Segundo o estudo, os veículos elétricos operam com margem líquida mediana de 57%, enquanto carros a gasolina ficam em 36,8%. Na prática, isso representa um lucro de R$ 21,86 por hora para quem utiliza elétrico, contra R$ 12,85 no modelo tradicional, uma diferença próxima de 70%.
A vantagem de usar um carro elétrico aparece em todos os estados com amostra relevante, atravessando diferentes realidades regionais e perfis de operação.
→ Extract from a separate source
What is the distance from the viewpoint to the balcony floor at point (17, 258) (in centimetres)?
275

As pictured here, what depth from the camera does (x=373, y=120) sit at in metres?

Em Minas Gerais, Paraná e Rio de Janeiro, a diferença de margem supera 15%.
A pesquisa aponta um cenário ainda mais vantajoso em cenários específicos. No Amazonas, motoristas da categoria Comfort com carro elétrico chegam a R$ 27,64 por hora, enquanto aqueles que utilizam gasolina ficam em R$ 8,92. Na Bahia, o segmento Black registra R$ 26,15 por hora no elétrico, contra R$ 11,10.
"Combustível, manutenção e variação de preços passam a definir a rentabilidade real da atividade. É nesse conjunto que o elétrico se destaca, ao reduzir o custo por quilômetro e trazer maior previsibilidade ao longo do mês", afirma Luiz Gustavo Neves, CEO e co-fundador da GigU.
GNV como alternativa
Para quem não tem acesso imediato a um veículo elétrico, o gás natural veicular (GNV) aparece como alternativa intermediária com impacto relevante. A margem mediana nacional do GNV é de 52,7%, ainda distante da gasolina. Em mercados como o Rio de Janeiro, essa diferença se traduz diretamente no ganho por hora: R$ 21,37 no GNV contra R$ 16,05 na gasolina na categoria Black. Em Pernambuco, no Uber X alugado, o rendimento praticamente dobra.
Há casos em que o ganho se amplia de forma mais significativa. Em Sergipe, motoristas de Uber X com carro próprio a GNV registram R$ 26,40 por hora, frente a R$ 9,13 da gasolina. Ainda que com amostras menores, os números reforçam a sensibilidade da renda ao tipo de combustível.